Supplied data below:
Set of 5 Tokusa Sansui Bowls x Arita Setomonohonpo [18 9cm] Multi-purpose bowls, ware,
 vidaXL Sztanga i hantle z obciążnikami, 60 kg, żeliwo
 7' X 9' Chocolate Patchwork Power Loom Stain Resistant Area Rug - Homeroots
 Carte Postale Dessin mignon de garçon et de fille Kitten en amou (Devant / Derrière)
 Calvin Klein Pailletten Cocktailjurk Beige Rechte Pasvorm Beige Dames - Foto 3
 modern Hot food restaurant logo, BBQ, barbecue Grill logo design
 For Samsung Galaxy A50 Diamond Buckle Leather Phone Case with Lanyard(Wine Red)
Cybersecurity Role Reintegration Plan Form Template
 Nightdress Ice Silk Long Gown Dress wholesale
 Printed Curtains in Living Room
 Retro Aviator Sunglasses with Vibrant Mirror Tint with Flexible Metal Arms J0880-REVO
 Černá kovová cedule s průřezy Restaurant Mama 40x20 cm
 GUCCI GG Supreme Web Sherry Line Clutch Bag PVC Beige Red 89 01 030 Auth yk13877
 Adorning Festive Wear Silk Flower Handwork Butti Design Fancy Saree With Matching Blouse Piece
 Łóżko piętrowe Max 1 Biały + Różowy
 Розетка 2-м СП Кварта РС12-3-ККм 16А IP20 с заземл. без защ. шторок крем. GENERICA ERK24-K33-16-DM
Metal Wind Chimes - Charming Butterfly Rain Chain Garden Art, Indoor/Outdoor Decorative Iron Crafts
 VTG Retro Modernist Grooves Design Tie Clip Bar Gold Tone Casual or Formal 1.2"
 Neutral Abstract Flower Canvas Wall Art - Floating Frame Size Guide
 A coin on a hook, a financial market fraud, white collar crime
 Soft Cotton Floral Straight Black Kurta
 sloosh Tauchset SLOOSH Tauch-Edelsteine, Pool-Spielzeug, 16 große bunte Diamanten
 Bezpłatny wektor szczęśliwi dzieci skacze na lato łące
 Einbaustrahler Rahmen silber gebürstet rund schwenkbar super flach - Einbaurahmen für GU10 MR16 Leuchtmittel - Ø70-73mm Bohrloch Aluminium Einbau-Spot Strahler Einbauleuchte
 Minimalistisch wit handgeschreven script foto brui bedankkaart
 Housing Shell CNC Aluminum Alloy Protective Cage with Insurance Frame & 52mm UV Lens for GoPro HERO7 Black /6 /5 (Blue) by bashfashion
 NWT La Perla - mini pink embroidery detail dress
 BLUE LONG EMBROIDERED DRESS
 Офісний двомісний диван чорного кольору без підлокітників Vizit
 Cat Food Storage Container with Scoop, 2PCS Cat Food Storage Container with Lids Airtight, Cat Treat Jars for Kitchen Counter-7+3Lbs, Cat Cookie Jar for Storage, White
End of Supplied data.
Nothing but the lines from the top of the records down to the line with "For Samsung Galaxy" belongs in the answer; repeat them exactly.

Exercise solution:
Set of 5 Tokusa Sansui Bowls x Arita Setomonohonpo [18 9cm] Multi-purpose bowls, ware,
 vidaXL Sztanga i hantle z obciążnikami, 60 kg, żeliwo
 7' X 9' Chocolate Patchwork Power Loom Stain Resistant Area Rug - Homeroots
 Carte Postale Dessin mignon de garçon et de fille Kitten en amou (Devant / Derrière)
 Calvin Klein Pailletten Cocktailjurk Beige Rechte Pasvorm Beige Dames - Foto 3
 modern Hot food restaurant logo, BBQ, barbecue Grill logo design
 For Samsung Galaxy A50 Diamond Buckle Leather Phone Case with Lanyard(Wine Red)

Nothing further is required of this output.